I just wanted to let you all know about a cool Bay Area based non-profit called the Silicon Valley Bicycle Exchange that I am now doing work for.

They are based in Palo Alto and service the greater Bay Area by taking donated bikes and re-purposing them to those in need (at risk youth, homeless, veterans and other groups).

If any of you have bikes collecting dust in your garage, you can donate them to the SV Bicycle Exchange and get a good year end tax deduction. The value is determined by you so you can claim max value.

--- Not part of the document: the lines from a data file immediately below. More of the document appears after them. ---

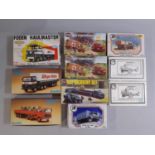 10 boxed model kits of haulage, recovery and emergency vehicles including kits by Airfix, Davric, JB
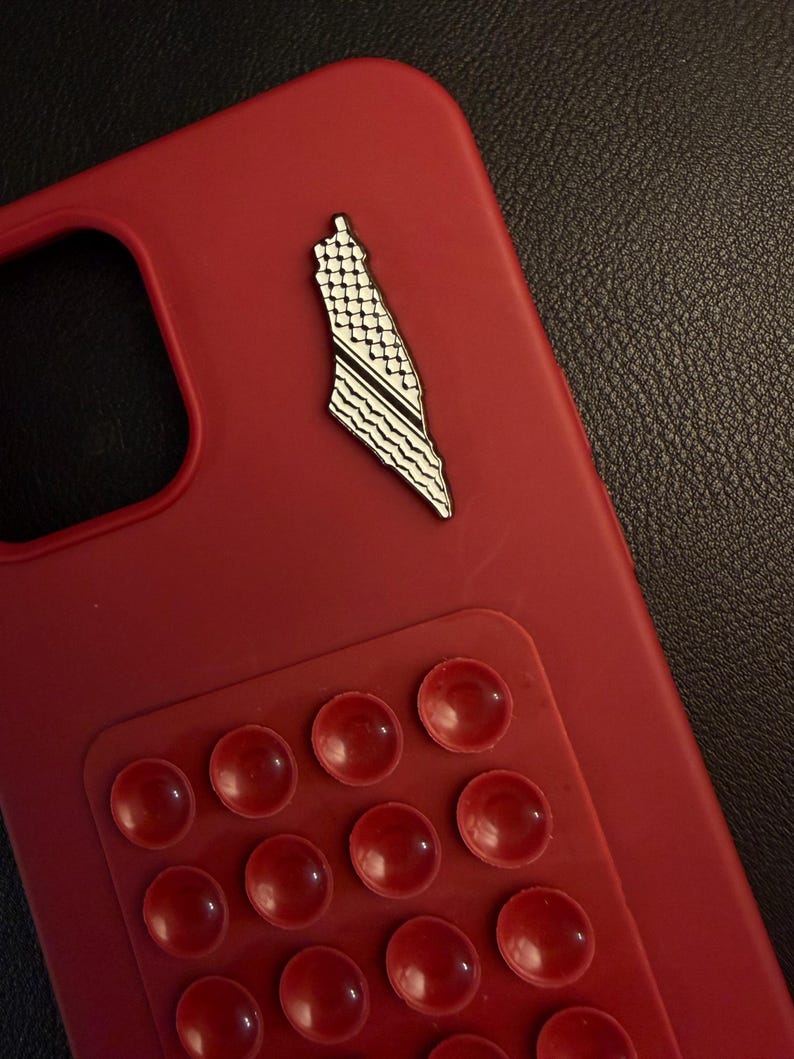 May include: A red phone case with a Palestine map pin. The pin is white and black with a detailed design. A red suction pad with multiple suction cups is attached to the case.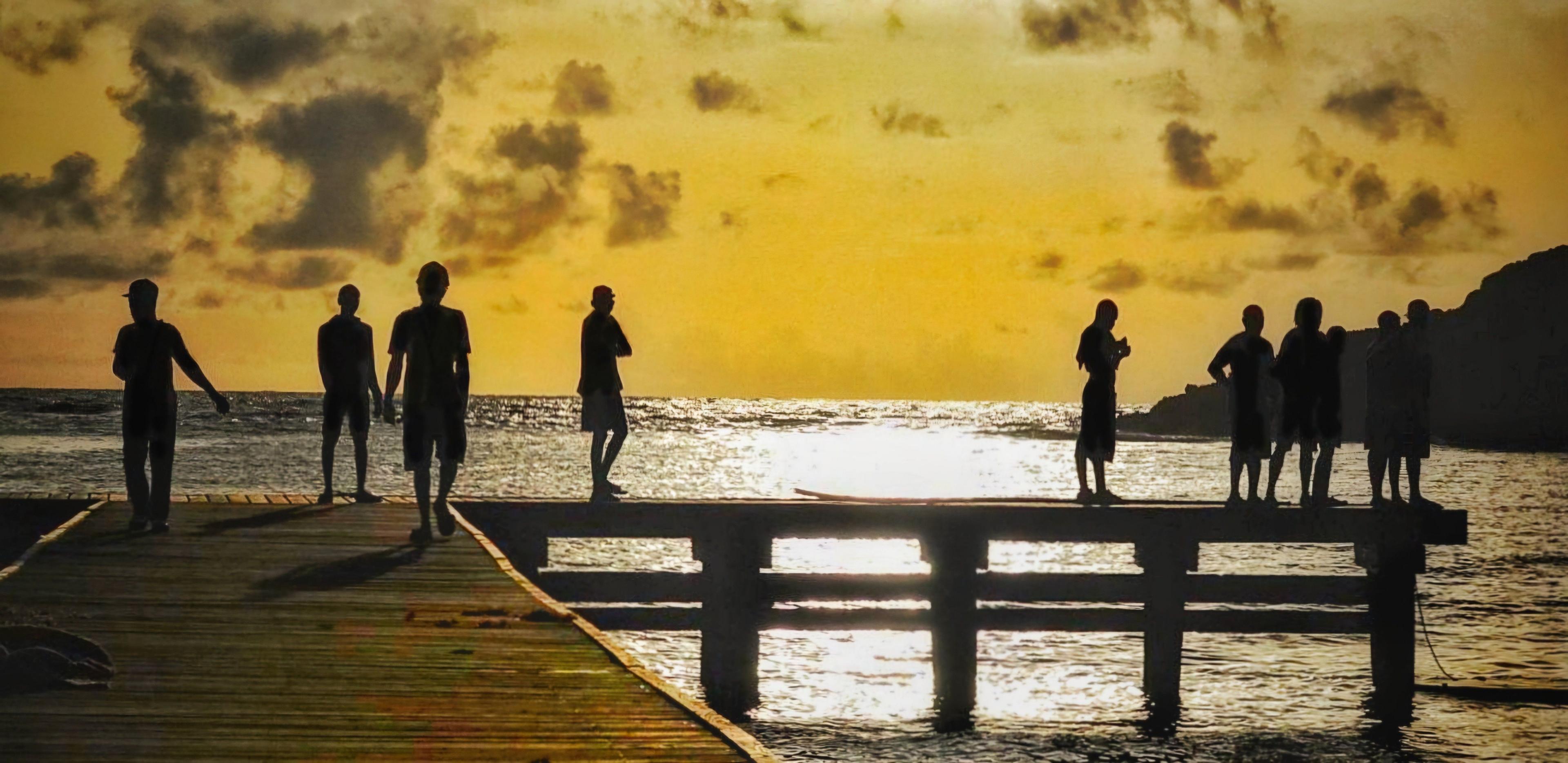 Figures silhouetted on a jetty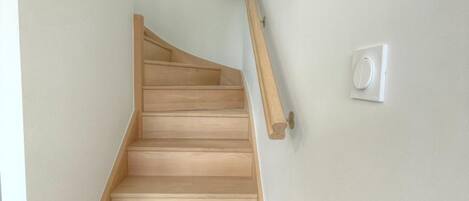 A wooden staircase with a handrail and a light switch on the wall.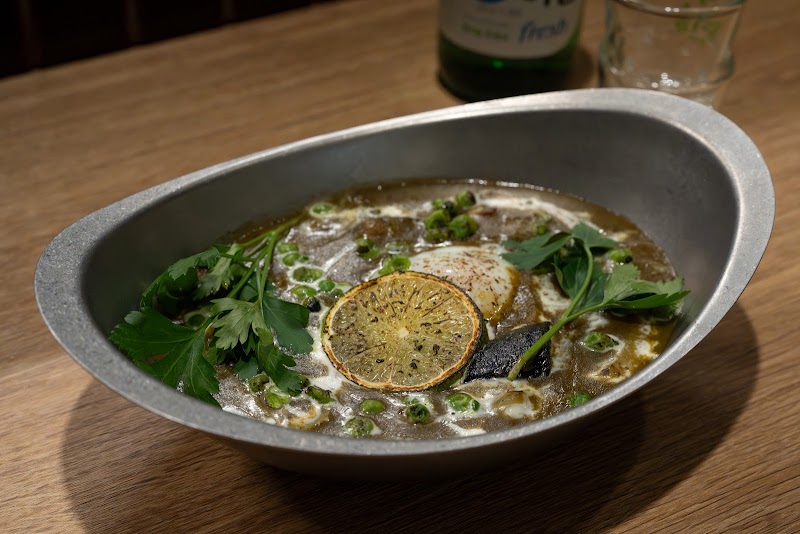 Savory kitchen specialty with seared citrus garnish and herbs
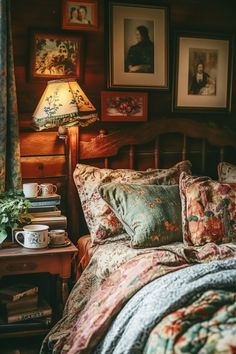 a bed sitting in a bedroom next to a table with a lamp on top of it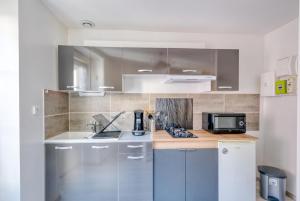 una cocina con fregadero y encimera en Le Confort du Soir - T2 - Lagnieu, en Lagnieu 3 fotos más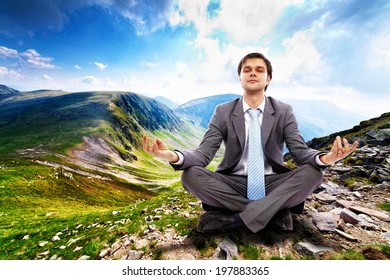 Young businessman relaxing in the mountains, away from the city life and business meetings - Powered by Shutterstock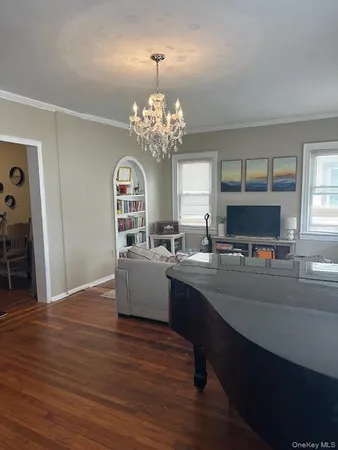 a living room with furniture dining table and a fireplace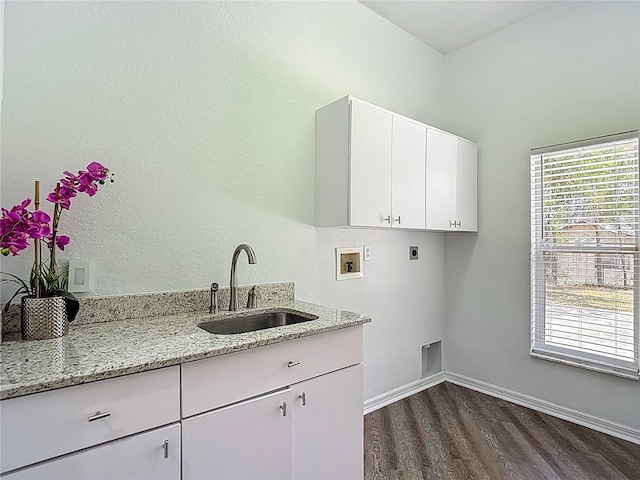 8303 Nightwalker Rd, Weeki Wachee, FL 34613 - laundry room featuring electric dryer hookup, hookup for a washing machine, dark wood-style floors, and cabinet space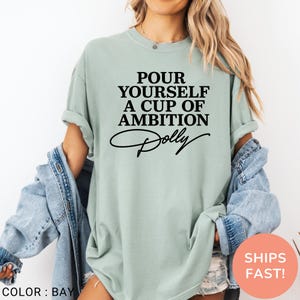May include: A sage green short-sleeve t-shirt featuring black text that reads POUR YOURSELF A CUP OF AMBITION with the name Dolly written in a cursive script underneath. The shirt has a crew neckline and is worn with a blue denim jacket.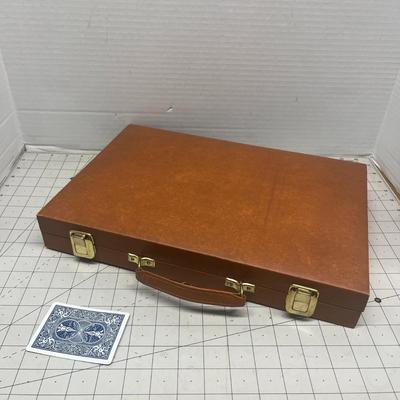 Sale Photo Thumbnail #1263: Enjoy timeless strategy with this vintage wood and cork backgammon set, featuring a folding wooden case lined with a cork playing surface for smooth, quiet gameplay.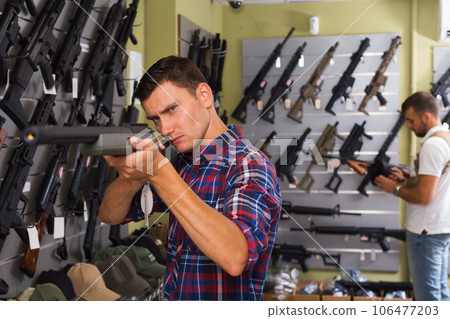 Men choosing air weapon Men choosing air weapon 106477203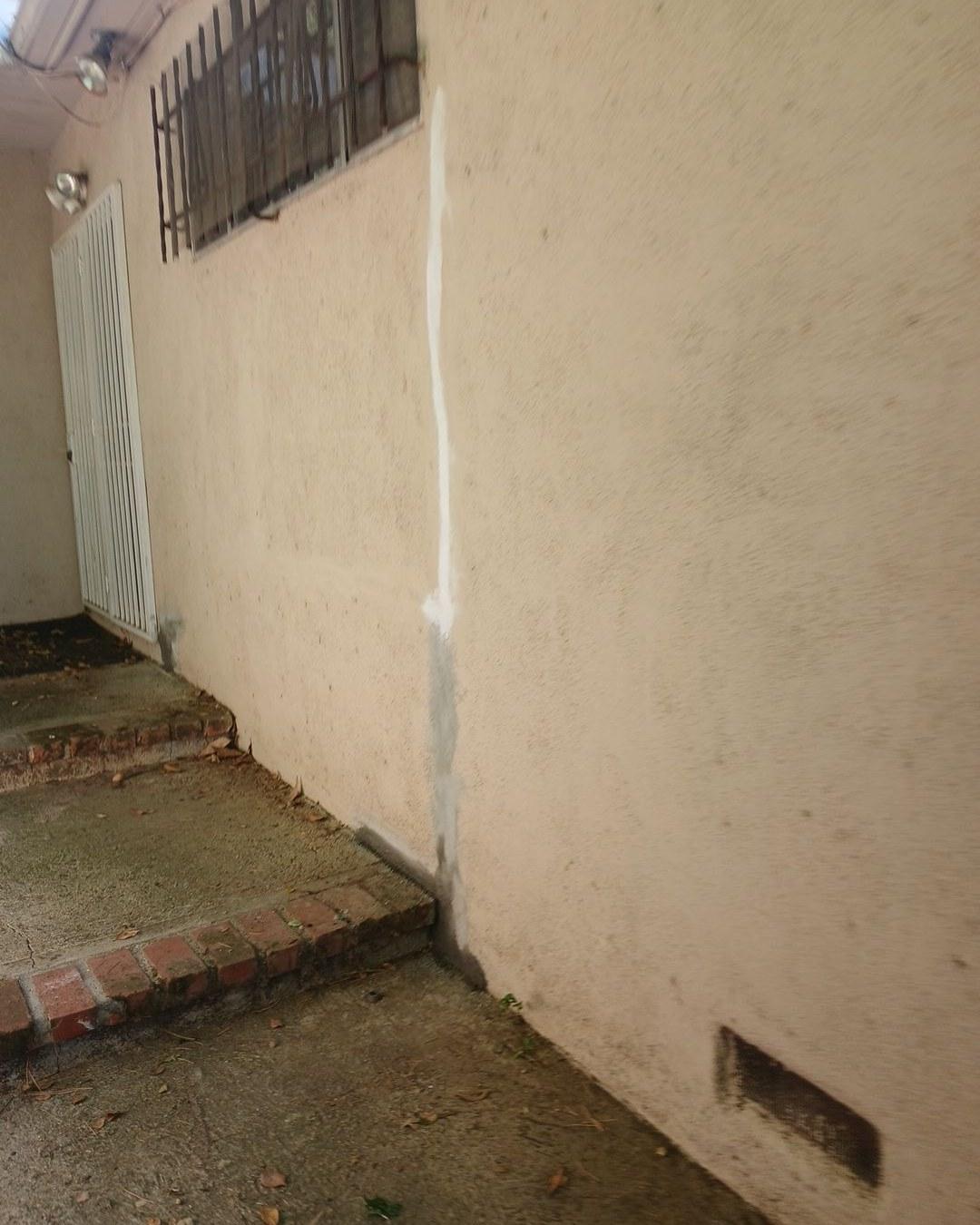 Large vertical crack in beige stucco exterior wall repaired with white caulk sealant near brick pathway.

During this crazy year, the importance of bike has been elevated to its proper levels and more people than ever are realizing the joy of riding that we have known all along. Help us continue to grow the stoke by donating your old bike (or parts) today.

More info on the website: Home - Bicycle Exchange

Drop off days are Wednesday (2:30-3:30p) and Friday (noon to 1pm). Other hours possible by appointment. 

Thanks for your help!


----------



## rajbcpa1 (Dec 10, 2020)

....I have purchased several bikes and bike parts from charities. does this one also sell bikes and use the proceeds for youths, vetrans, homeless and other groups need help?


----------



## gregg (Oct 30, 2000)

Hello rajbcpa1,
Yes, that is correct. You can read more about there here: Impact - Bicycle Exchange

Thanks for supporting charities!


----------